Exercise description:
What is needed is a verbatim copy of the data, minus the pictures.

Source material:
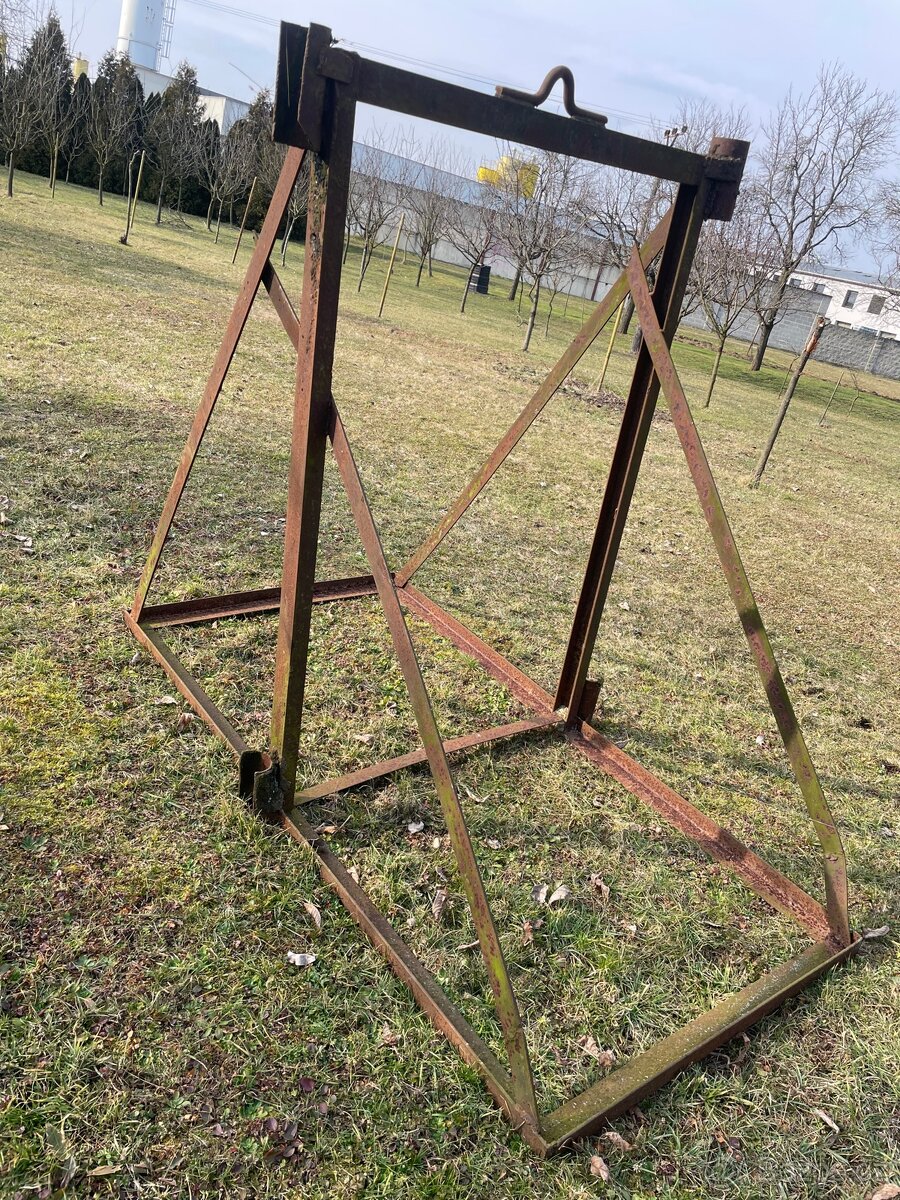 Stavební výtah / vrátek - 4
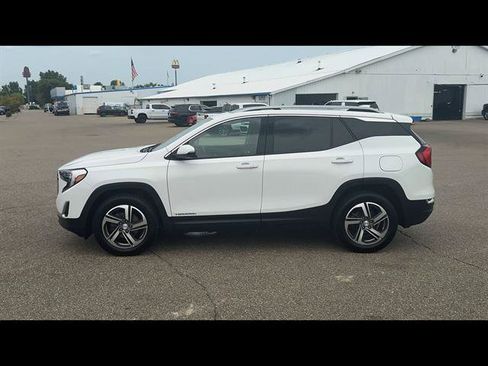 Used 2020 GMC Terrain SLT w/ Preferred Package AWD/4WD image 33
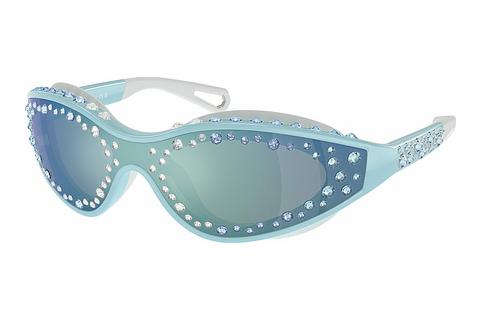 Lunettes de soleil Swarovski SK6024 105255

Output for this exercise:
 Stavební výtah / vrátek - 4
 Used 2020 GMC Terrain SLT w/ Preferred Package AWD/4WD image 33
 Lunettes de soleil Swarovski SK6024 105255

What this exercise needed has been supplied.